Side note: I would really diagram your current & desired topology if only to help those following along at home.
My public IP is in the ISP router, the typical all-in-one which acts as modem-router-switch-acces point, with no open ports and a firewall layer 4.
Behind this I have a Sophos firewall, Home Edition, and, finally, behind the GL.iNet router.
When I say “WAN”, I mean the external side of the GL.iNet router, which really is behind the mentioned before. In this subnet I have two or three VM from that I need to course some traffic to the LAN side of the GL.iNet router.
I followed the instructions, it should work but it doesn’t do. This is what I don’t understand…
I could use also Tailscale, but, if it’s possible, I prefer no to do so. Unencrypted traffic, I’ve configured https for my internal servers.
Port forwarding means the port is taken from WAN and forwarded to another client on the LAN side. This port does not need to be the same. You could forward [external IP]:1234 to [Lan client IP]:80 …

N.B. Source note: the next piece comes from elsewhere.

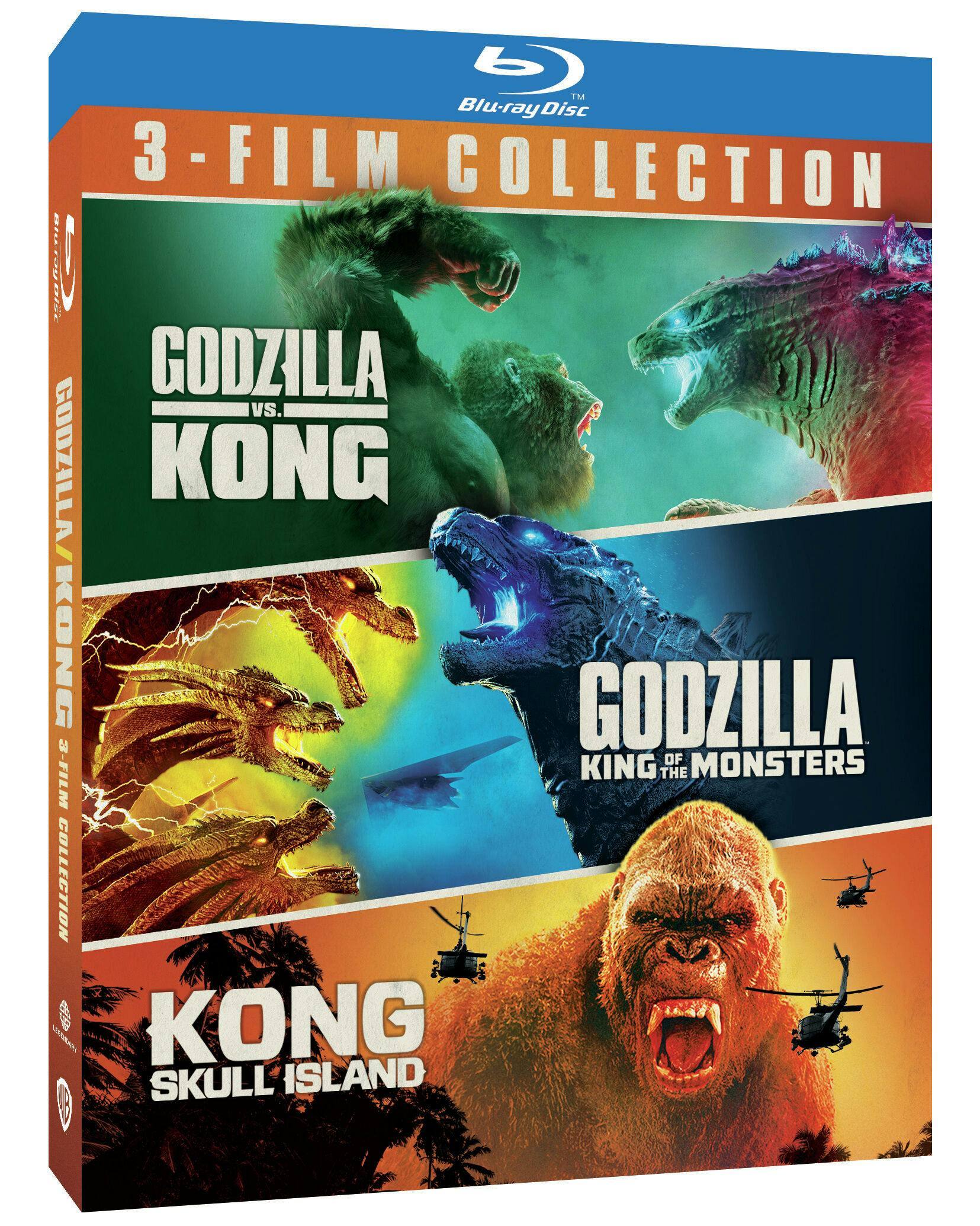 Angle. Godzilla/Godzilla: King of the Monsters/Kong: Skull Island (Box Set) [Blu-ray].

It is a routing thing. The WAN client dies not know about port 80 on the service, the LAN service don’t know about the use of port 1234 from the WAN.
You can’t switch from UDP to TCP, it needs to be the same on both ends.
Open ports on router is a GL-Inet thing and means the firewall on WAN will be opened to services on the router.
As the Admin panel is available at LAN:80, with open port 80 on router, the service (admin panel) will be available on WAN:80.